*** Provided information Section Begins ***

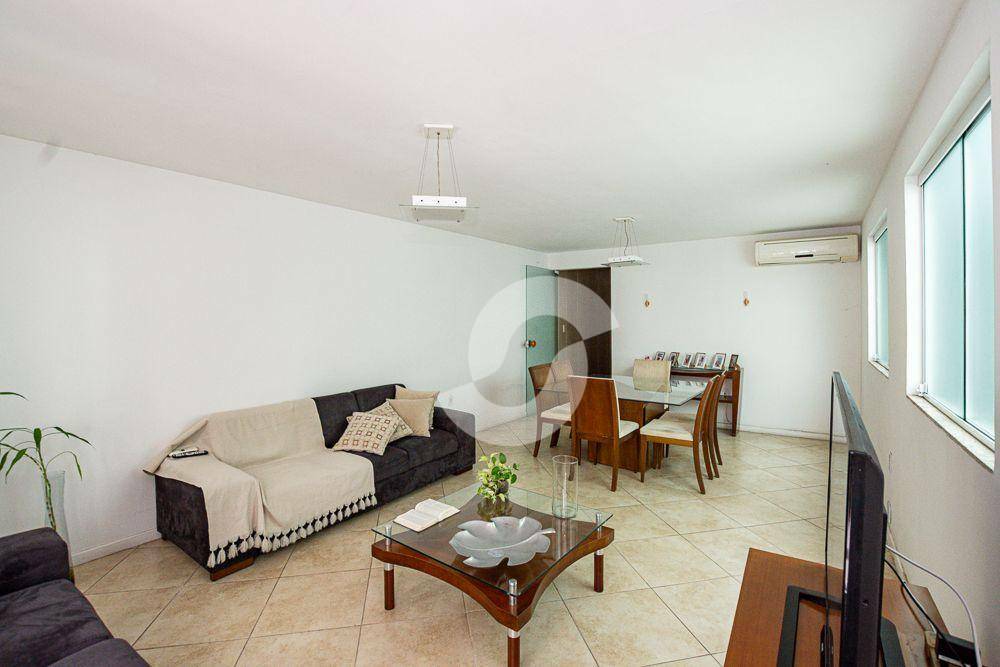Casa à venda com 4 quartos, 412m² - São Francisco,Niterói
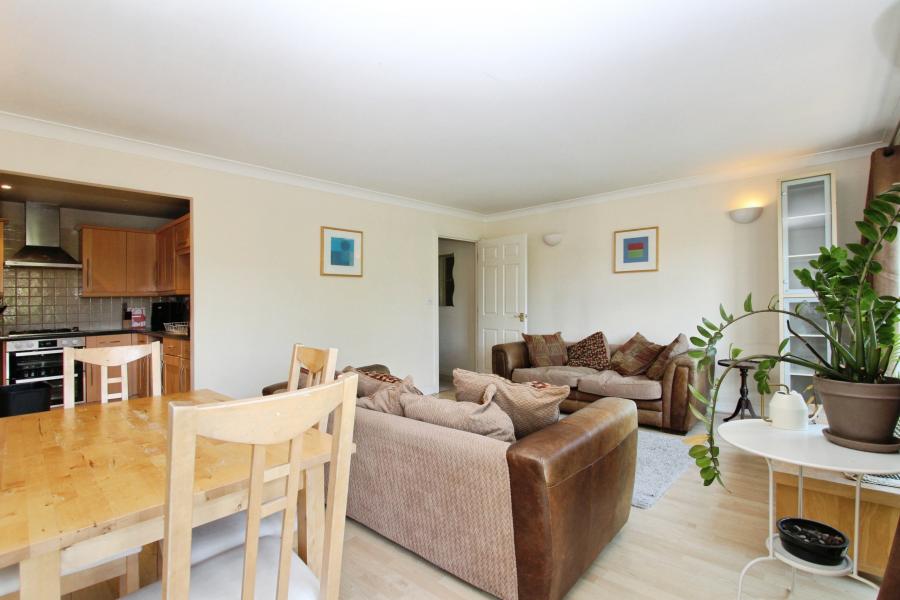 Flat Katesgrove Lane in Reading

*** Provided information Section Ends ***
*** Provided information Section Begins ***

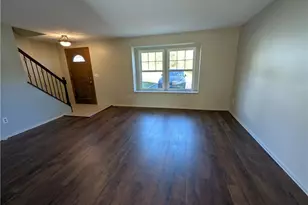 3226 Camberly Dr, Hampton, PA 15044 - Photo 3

*** Provided information Section Ends ***
*** Provided information Section Begins ***

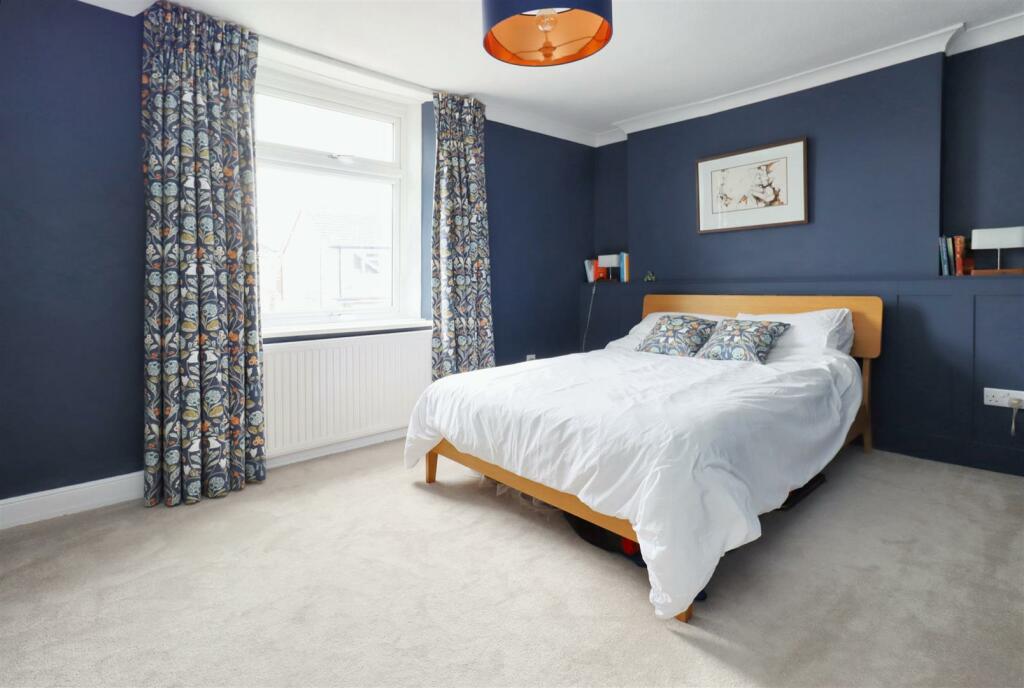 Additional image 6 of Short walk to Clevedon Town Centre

*** Provided information Section Ends ***

→ **Required work**
Look above for the line with "Casa à venda" and the line with "Flat Katesgrove Lane in Reading", then copy exactly the lines from the first through the second, both kept, with no pictures.

→ **Output**
Casa à venda com 4 quartos, 412m² - São Francisco,Niterói
 Flat Katesgrove Lane in Reading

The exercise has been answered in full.